出版社勤務のかんらく(@kan_raku44)です。
池井戸潤の小説は、どれも本当に面白い!
お気に入りの作家に池井戸さんが加わったのは、池袋と上野の書店員さんから勧められたのがきっかけでした。
まだ、堺雅人さんのドラマが始まる2年くらい前でしたが、奇しくも目利きの書店員さん2人から同時に勧められたので、『鉄の骨』『空飛ぶタイヤ』と読み進め、完全にはまってしまいました。
追っかけのように、出版作品をローラーで読む作家は、星新一、山崎豊子、横山秀夫の3氏に続いて、4人目です。
ほぼ全作品を読んだかんらくが、満足度上位3作品を完全な主観で紹介します。
池井戸潤の小説を読みたいけど、どれから始めようか迷っている人は、参考にしてみてください。
1.ロスジェネの逆襲
ふつうは、下位から発表するのでしょうが、もどかしいし、この1位~3位は甲乙つけがたいので、どれを読んでもはずれはないと思います。
なので、早速1位から。イチオシはなんといってもコレです。
視聴率40%超えを叩き出した伝説のドラマ「半沢直樹」の原作シリーズ第3弾です。
TBSのドラマでは2作目の『オレたち花のバブル組』の内容まで、放送されました。ラストシーンは、東京中央銀行から子会社の東京セントラル証券に出向を命じられる衝撃的な終わり方でした。
第3弾の『ロスジェネの逆襲』は、まだドラマ化されていません。しかし、実は、この第3弾こそ、一番面白いし、ラストも爽快なのです。
私は、小説を再読することは滅多にありません。ストーリーが分かっていると思うと、その気がなかなか起きないからです。
繰り返し読んでも面白い
ですが、『ロスジェネの逆襲』は、4回読みました。それでも、ハラハラしながら読めるんです。

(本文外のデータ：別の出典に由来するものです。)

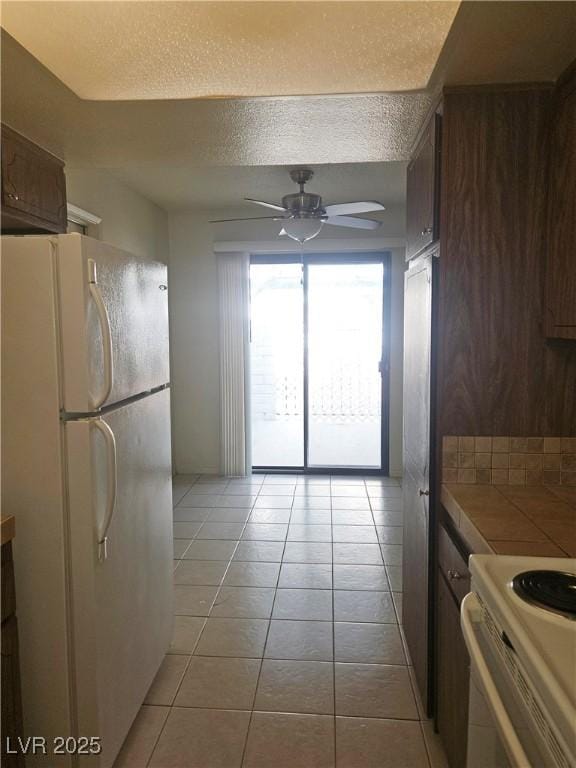1128 Willow Tree Dr Unit C, Las Vegas, NV 89128 - kitchen with white appliances, tile countertops, a ceiling fan, light tile patterned floors, and a textured ceiling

登場人物も多く、ストーリーが2転3転するので、けっこう忘れています(笑)
前2作を読んでからのほうが、より感情移入できるとは思いますが、第3弾から読んでも大丈夫です。
池井戸さんのすごいところは、銀行業界という多くの人が経験したことのない未知の世界を舞台にしているのに、なぜかその世界観にひたり、感情移入できてしまうところです。
これは、山崎豊子氏、横山秀夫氏にも共通しています。
ひとたび池井戸ワールドに引き込まれたら、もう読み終わるまで、ページをめくる手を止めることは不可能でしょう。
第3弾は、半沢のセリフも示唆に満ちていて、前2作よりも人間的に成長しています。
はじめの2作は、「その報復はちょっとやりすぎじゃない?」と人によっては、イヤな気もするところですが、第3弾は、歯に衣着せぬ物言いは変わらぬまま、やることの筋が通っているので、読んでいて気持ちがいいです。
最高に痛快な名台詞
中でも、最高に痛快なのがこのセリフです。
「我々の稟議をゴミ扱いするのか、君は」と詰め寄る親会社の部長に、
「ゴミ扱いしているのではありません。ゴミだと申し上げているのです」
と言い切るのです。
これには完全に意表をつかれました。ふつうは、「いえ、決してゴミ扱いはしておりません。問題点があるのではないかと申し上げているだけです」などと、弁明するのが常識ですが、半沢は「ゴミだと申し上げているのです」と、想定外の方向へ、まさかの断言。
何回読んでも気分がスカッとします。
さあ、どんな素敵な場面で、半沢がこのセリフを放つのか、楽しみにしながら読んでみてください。
『ロスジェネの逆襲』については、こちらの記事にも書きましたので、よかったら読んでみてください。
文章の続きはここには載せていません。